TASK INPUTS:
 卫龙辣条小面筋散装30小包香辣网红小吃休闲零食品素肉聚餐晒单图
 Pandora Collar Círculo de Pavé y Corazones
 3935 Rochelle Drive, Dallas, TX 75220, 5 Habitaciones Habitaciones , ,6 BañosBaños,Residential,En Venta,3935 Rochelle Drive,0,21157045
* * *
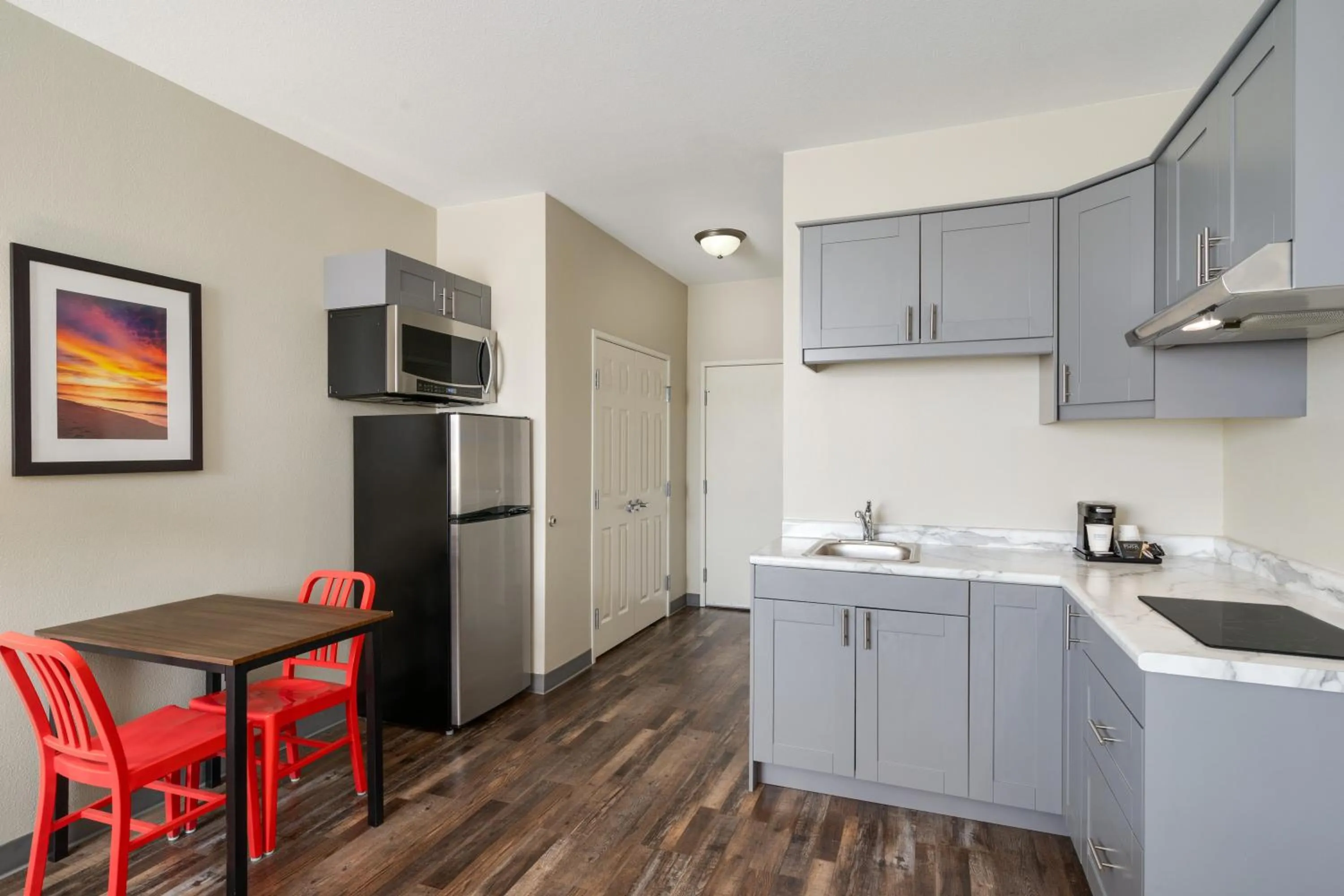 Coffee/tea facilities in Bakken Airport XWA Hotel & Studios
---
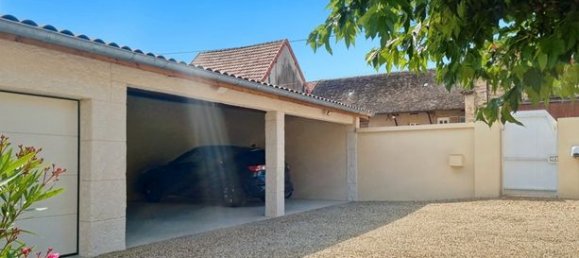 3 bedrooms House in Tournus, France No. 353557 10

EXERCISE REQUIREMENTS:
Everything from the line with "卫龙辣条小面筋散装30小包香辣网红小吃休闲零食品素肉聚餐晒单图" through the line with "3935 Rochelle Drive, Dallas, TX" should be written out exactly as it appears above, end lines included, and nothing outside that range.

SOLUTION TO THIS TASK:
 卫龙辣条小面筋散装30小包香辣网红小吃休闲零食品素肉聚餐晒单图
 Pandora Collar Círculo de Pavé y Corazones
 3935 Rochelle Drive, Dallas, TX 75220, 5 Habitaciones Habitaciones , ,6 BañosBaños,Residential,En Venta,3935 Rochelle Drive,0,21157045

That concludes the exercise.